Each line from the start of the records through the line containing "Roze Paris Wall klok" is to be transcribed exactly, and no other line is to be included.

[Collected data]
****
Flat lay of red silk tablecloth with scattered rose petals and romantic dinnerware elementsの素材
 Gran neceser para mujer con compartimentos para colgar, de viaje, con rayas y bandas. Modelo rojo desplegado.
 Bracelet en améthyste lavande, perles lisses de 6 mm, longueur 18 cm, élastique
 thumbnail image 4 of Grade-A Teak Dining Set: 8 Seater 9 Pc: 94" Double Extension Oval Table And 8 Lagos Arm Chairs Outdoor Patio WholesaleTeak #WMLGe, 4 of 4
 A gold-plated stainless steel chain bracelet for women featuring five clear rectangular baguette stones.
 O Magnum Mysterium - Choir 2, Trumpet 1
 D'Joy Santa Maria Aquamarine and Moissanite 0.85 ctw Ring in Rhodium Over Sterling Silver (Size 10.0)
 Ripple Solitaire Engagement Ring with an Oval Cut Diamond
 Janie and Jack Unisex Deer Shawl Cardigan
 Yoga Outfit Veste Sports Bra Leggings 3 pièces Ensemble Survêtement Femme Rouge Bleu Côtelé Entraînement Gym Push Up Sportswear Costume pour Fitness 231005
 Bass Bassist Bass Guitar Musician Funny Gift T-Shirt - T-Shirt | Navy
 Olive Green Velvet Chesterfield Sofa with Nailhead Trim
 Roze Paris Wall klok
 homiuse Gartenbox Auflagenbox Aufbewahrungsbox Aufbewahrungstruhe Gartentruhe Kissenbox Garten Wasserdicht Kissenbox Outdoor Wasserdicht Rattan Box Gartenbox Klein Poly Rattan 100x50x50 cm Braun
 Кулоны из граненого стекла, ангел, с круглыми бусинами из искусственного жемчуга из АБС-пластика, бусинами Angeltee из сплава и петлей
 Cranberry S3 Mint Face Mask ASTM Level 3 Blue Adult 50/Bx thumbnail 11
****
■ **YOUR RESPONSE**:
Flat lay of red silk tablecloth with scattered rose petals and romantic dinnerware elementsの素材
 Gran neceser para mujer con compartimentos para colgar, de viaje, con rayas y bandas. Modelo rojo desplegado.
 Bracelet en améthyste lavande, perles lisses de 6 mm, longueur 18 cm, élastique
 thumbnail image 4 of Grade-A Teak Dining Set: 8 Seater 9 Pc: 94" Double Extension Oval Table And 8 Lagos Arm Chairs Outdoor Patio WholesaleTeak #WMLGe, 4 of 4
 A gold-plated stainless steel chain bracelet for women featuring five clear rectangular baguette stones.
 O Magnum Mysterium - Choir 2, Trumpet 1
 D'Joy Santa Maria Aquamarine and Moissanite 0.85 ctw Ring in Rhodium Over Sterling Silver (Size 10.0)
 Ripple Solitaire Engagement Ring with an Oval Cut Diamond
 Janie and Jack Unisex Deer Shawl Cardigan
 Yoga Outfit Veste Sports Bra Leggings 3 pièces Ensemble Survêtement Femme Rouge Bleu Côtelé Entraînement Gym Push Up Sportswear Costume pour Fitness 231005
 Bass Bassist Bass Guitar Musician Funny Gift T-Shirt - T-Shirt | Navy
 Olive Green Velvet Chesterfield Sofa with Nailhead Trim
 Roze Paris Wall klok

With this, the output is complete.